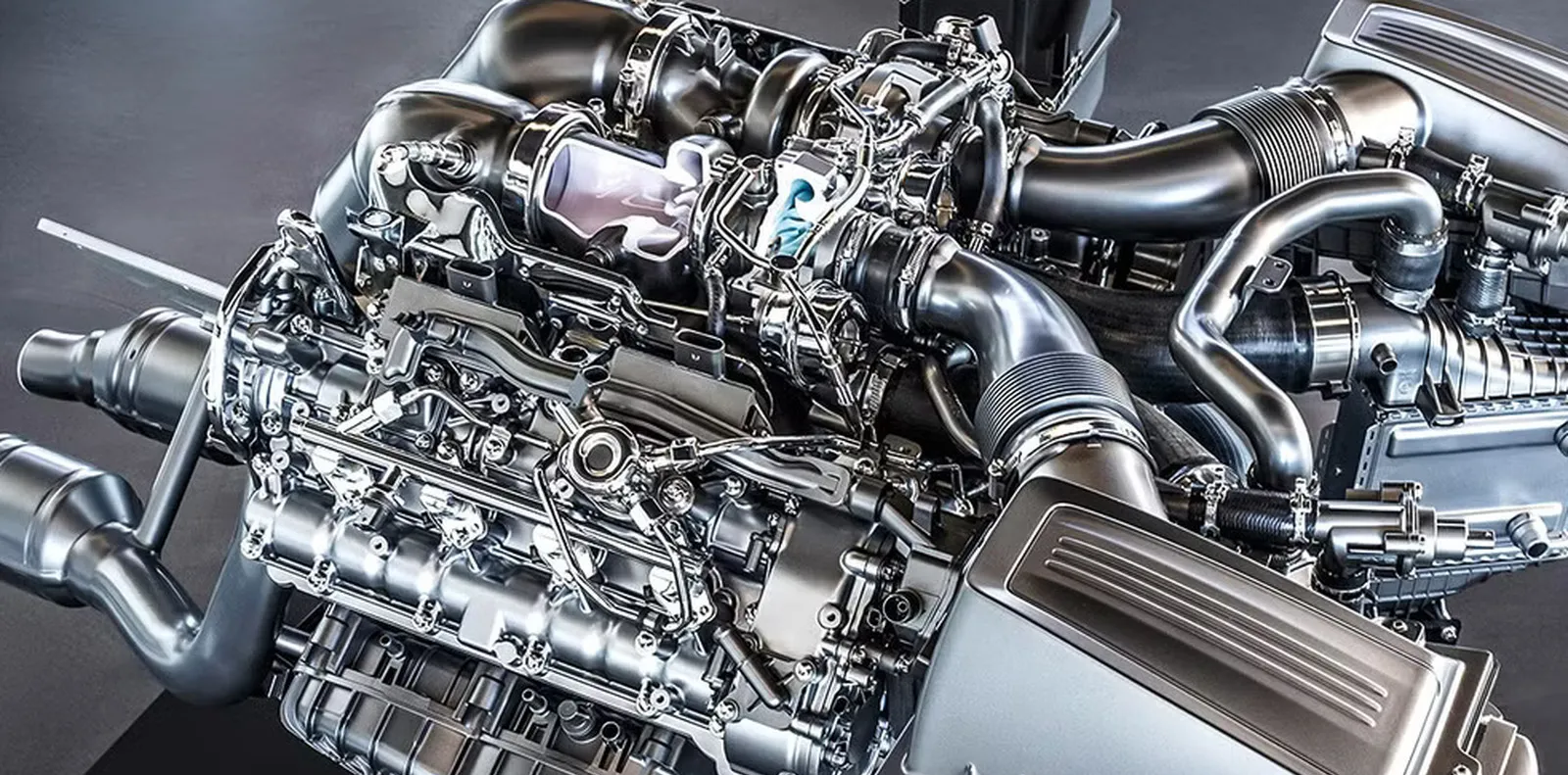 BMW X6 2008 Menjadi Mobil Produksi Pertama yang Menggunakan Teknologi "Hot Vee" Turbocharger
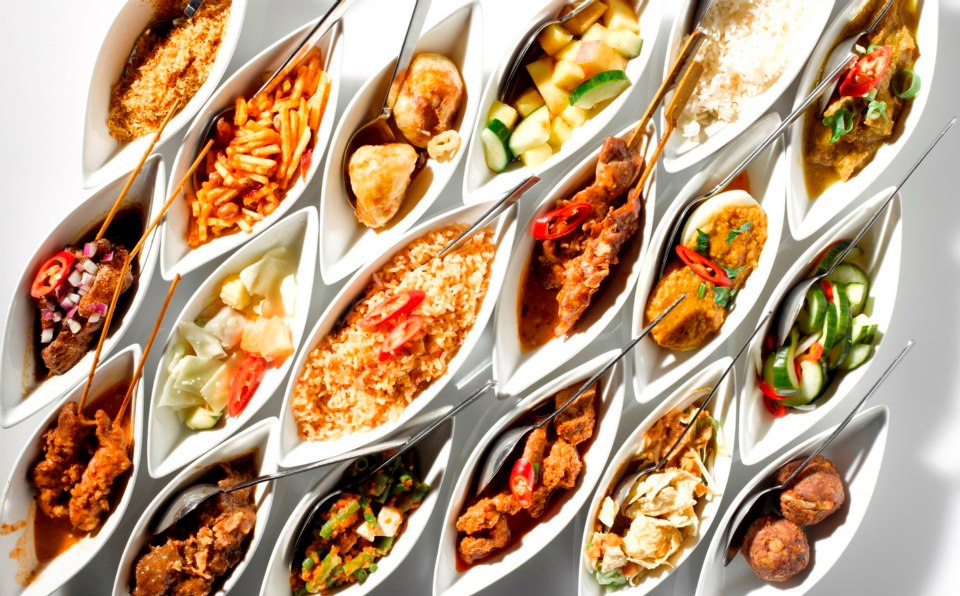 versi asli rijsttafel terdiri 60 ragam kuliner (sumber http://www.garoeda)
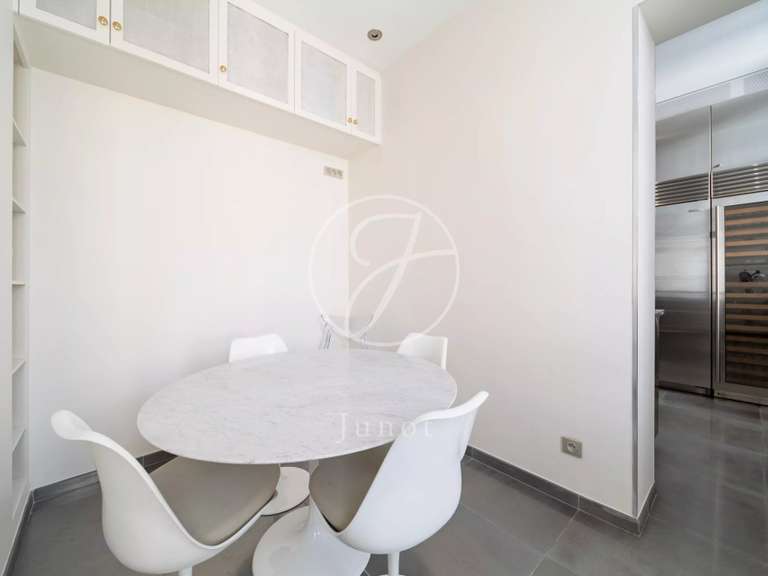 Appartement Paris 16e - 4 chambres - 331m²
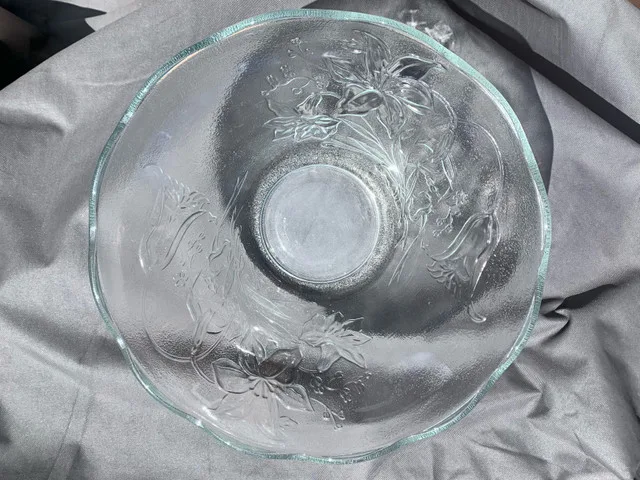 Large Glass Bowl thumbnail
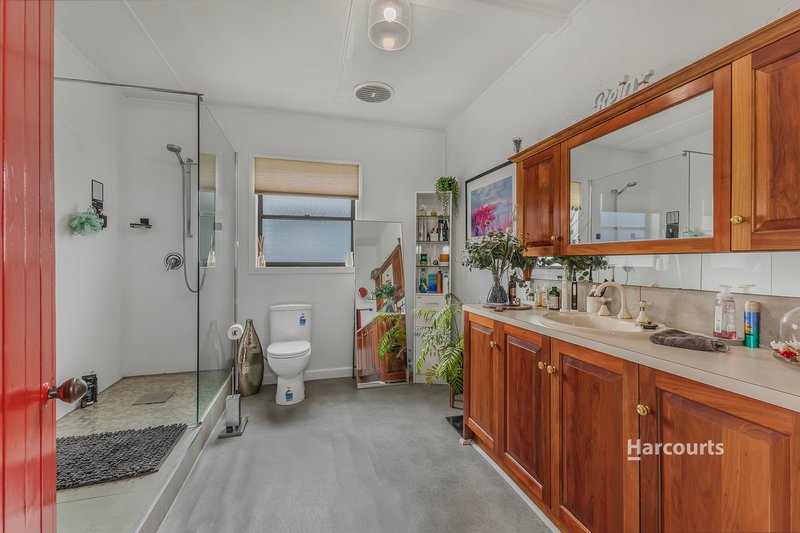 Photo - 6 Griffin Place, Sulphur Creek TAS 7316 - Image 9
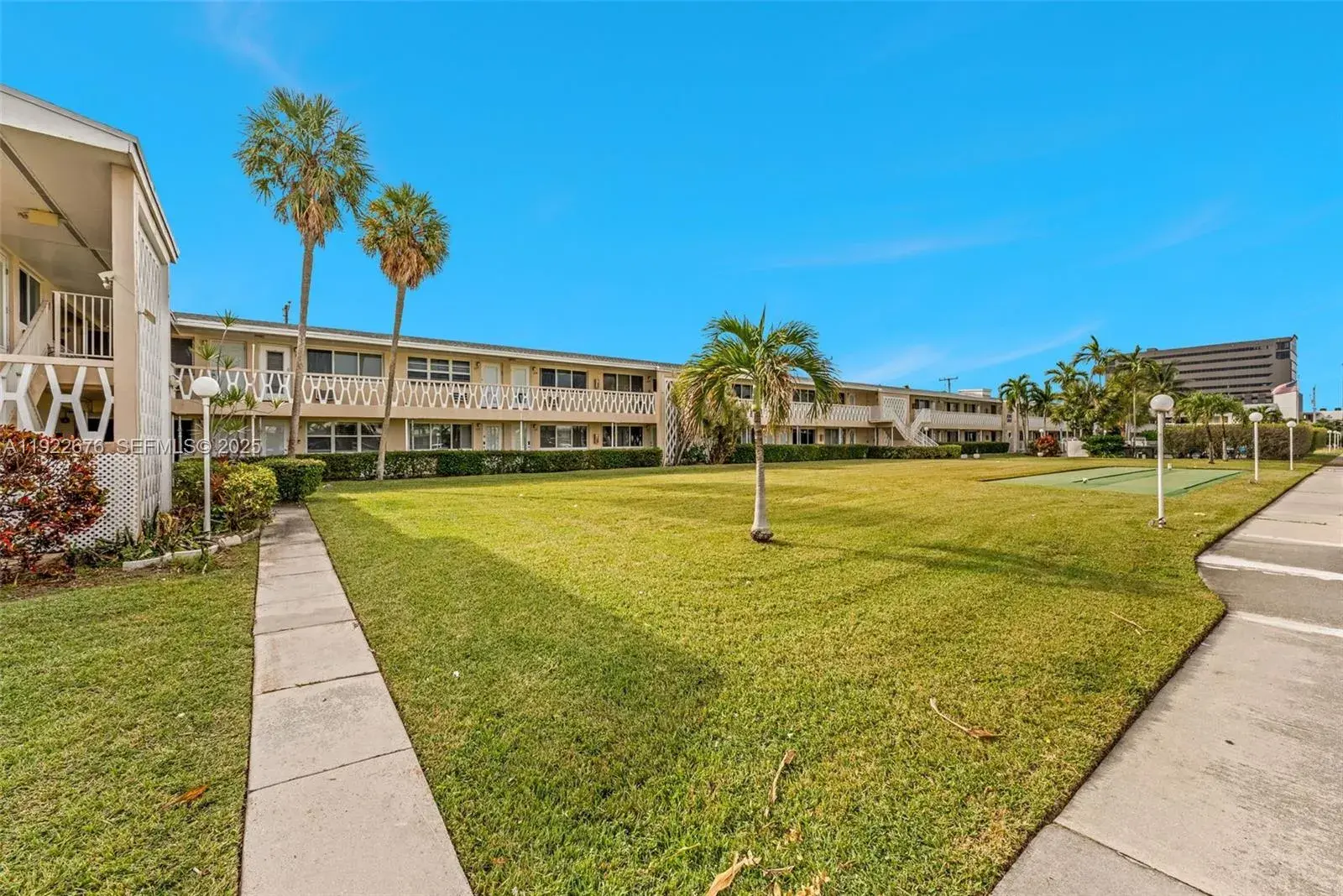 900 Atlantic Shores Blvd # 105, Hallandale Beach FL 33009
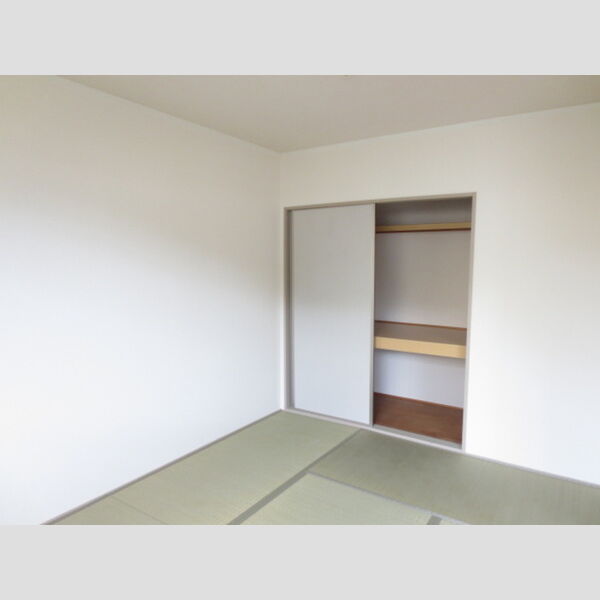 その他 (リビング横和室です。)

__________

→ Your objective
All entries above are to be set down word for word, and the pictures are to be left out.

→ Expected answer
 BMW X6 2008 Menjadi Mobil Produksi Pertama yang Menggunakan Teknologi "Hot Vee" Turbocharger
 versi asli rijsttafel terdiri 60 ragam kuliner (sumber http://www.garoeda)
 Appartement Paris 16e - 4 chambres - 331m²
 Large Glass Bowl thumbnail
 Photo - 6 Griffin Place, Sulphur Creek TAS 7316 - Image 9
 900 Atlantic Shores Blvd # 105, Hallandale Beach FL 33009
 その他 (リビング横和室です。)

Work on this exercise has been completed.